- [WHAT IS EXPECTED] Only some lines are wanted. Transcribe, exactly, the lines below from the line with "44 Braid Farm" up to and including the line with "2008 Ram 3500".

- [STORED DATA]
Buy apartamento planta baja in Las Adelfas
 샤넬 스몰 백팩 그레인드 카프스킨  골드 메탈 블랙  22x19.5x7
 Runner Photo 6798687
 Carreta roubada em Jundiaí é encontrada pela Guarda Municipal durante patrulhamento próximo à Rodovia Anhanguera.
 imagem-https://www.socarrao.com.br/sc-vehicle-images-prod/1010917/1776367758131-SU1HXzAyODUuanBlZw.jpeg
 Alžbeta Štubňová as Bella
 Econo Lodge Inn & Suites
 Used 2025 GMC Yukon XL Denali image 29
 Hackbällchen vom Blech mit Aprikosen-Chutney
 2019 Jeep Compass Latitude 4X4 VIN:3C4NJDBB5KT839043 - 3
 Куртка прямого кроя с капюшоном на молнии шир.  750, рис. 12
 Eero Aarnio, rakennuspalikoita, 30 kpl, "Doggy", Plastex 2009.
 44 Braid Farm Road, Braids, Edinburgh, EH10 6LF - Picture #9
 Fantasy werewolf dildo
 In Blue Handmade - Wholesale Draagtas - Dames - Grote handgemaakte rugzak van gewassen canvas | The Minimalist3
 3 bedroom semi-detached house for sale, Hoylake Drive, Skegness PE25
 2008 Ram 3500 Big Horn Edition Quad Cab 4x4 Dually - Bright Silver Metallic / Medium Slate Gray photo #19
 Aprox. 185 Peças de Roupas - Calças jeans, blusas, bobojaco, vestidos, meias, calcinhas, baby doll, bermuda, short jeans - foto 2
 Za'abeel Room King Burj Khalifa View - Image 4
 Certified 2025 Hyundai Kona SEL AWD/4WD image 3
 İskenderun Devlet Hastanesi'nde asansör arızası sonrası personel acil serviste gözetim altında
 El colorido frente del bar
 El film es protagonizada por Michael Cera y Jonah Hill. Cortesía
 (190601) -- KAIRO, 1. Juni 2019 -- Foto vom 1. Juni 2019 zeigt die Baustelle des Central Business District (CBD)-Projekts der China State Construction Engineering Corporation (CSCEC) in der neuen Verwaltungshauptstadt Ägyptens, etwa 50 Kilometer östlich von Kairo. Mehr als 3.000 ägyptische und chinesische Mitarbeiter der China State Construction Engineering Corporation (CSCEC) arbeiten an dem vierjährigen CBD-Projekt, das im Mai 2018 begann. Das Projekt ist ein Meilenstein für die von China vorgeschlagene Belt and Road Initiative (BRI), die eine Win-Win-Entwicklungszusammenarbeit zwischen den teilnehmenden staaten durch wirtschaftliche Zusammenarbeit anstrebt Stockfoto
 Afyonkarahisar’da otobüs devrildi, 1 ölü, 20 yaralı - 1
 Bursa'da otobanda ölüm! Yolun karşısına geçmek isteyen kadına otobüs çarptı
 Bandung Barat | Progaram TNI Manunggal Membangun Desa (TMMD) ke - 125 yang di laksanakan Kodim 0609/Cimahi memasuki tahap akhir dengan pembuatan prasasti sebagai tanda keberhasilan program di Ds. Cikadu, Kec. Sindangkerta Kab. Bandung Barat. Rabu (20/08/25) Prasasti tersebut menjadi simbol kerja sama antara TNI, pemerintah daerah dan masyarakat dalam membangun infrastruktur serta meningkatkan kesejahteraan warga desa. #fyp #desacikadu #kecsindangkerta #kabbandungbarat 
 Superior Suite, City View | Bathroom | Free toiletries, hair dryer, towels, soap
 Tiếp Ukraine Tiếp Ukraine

- [TASK RESULT]
 44 Braid Farm Road, Braids, Edinburgh, EH10 6LF - Picture #9
 Fantasy werewolf dildo
 In Blue Handmade - Wholesale Draagtas - Dames - Grote handgemaakte rugzak van gewassen canvas | The Minimalist3
 3 bedroom semi-detached house for sale, Hoylake Drive, Skegness PE25
 2008 Ram 3500 Big Horn Edition Quad Cab 4x4 Dually - Bright Silver Metallic / Medium Slate Gray photo #19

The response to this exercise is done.